How to use Fio (Flexible I/O Tester) to Measure Disk Performance in Linux

Fio which stands for Flexible I/O Tester is a free and open source disk I/O tool used both for benchmark and stress/hardware verification developed by Jens Axboe.

It has support for 19 different types of I/O engines (sync, mmap, libaio, posixaio, SG v3, splice, null, network, syslet, guasi, solarisaio, and more), I/O priorities (for newer Linux kernels), rate I/O, forked or threaded jobs, and much more. It can work on block devices as well as files.

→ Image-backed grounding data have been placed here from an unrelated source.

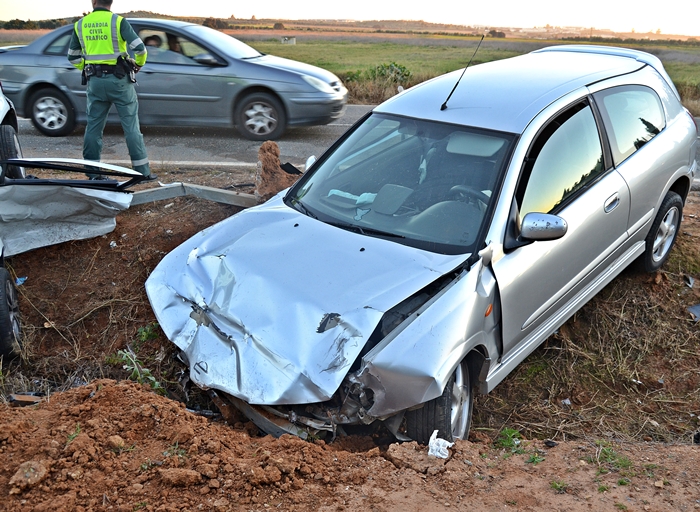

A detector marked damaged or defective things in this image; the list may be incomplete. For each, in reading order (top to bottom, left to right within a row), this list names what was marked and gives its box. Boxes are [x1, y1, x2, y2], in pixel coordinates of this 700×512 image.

broken metal panel [0, 183, 131, 256]
broken metal panel [146, 195, 464, 404]
crumpled car hood [145, 198, 468, 406]
silver damaged car [145, 46, 696, 442]
broken metal panel [356, 262, 498, 418]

Fio accepts job descriptions in a simple-to-understand text format. Several example job files are included. Fio displays all sorts of I/O performance information, including complete IO latencies and percentiles.

It is in wide use in many places, for both benchmarking, QA, and verification purposes. It supports Linux, FreeBSD, NetBSD, OpenBSD, OS X, OpenSolaris, AIX, HP-UX, Android, and Windows.

In this tutorial, we will be using Ubuntu 16 and you are required to have sudo or root privileges to the computer. We will go over the installation and use of fio.

Installing fio from Source

We are going to clone the repo on GitHub. Install the prerequisites, and then we will build the packages from the source code. Lets’ start by making sure we have git installed.

sudo apt-get install git

For centOS users you can use:

sudo yum install git

Now we change directory to /opt and clone the repo from Github:

cd /opt
git clone https://github.com/axboe/fio

You should see the output below:

Cloning into 'fio'...
remote: Counting objects: 24819, done.
remote: Compressing objects: 100% (44/44), done.
remote: Total 24819 (delta 39), reused 62 (delta 32), pack-reused 24743
Receiving objects: 100% (24819/24819), 16.07 MiB | 0 bytes/s, done.
Resolving deltas: 100% (16251/16251), done.
Checking connectivity... done.

Now, we change directory into the fio codebase by typing the command below inside the opt folder:

cd fio

We can finally build fio from source using the `make` build utility bu using the commands below:

# ./configure
# make
# make install

Installing fio on Ubuntu

For Ubuntu and Debian, fio is available on the main repository. You can easily install fio using the standard package managers such as yum and apt-get.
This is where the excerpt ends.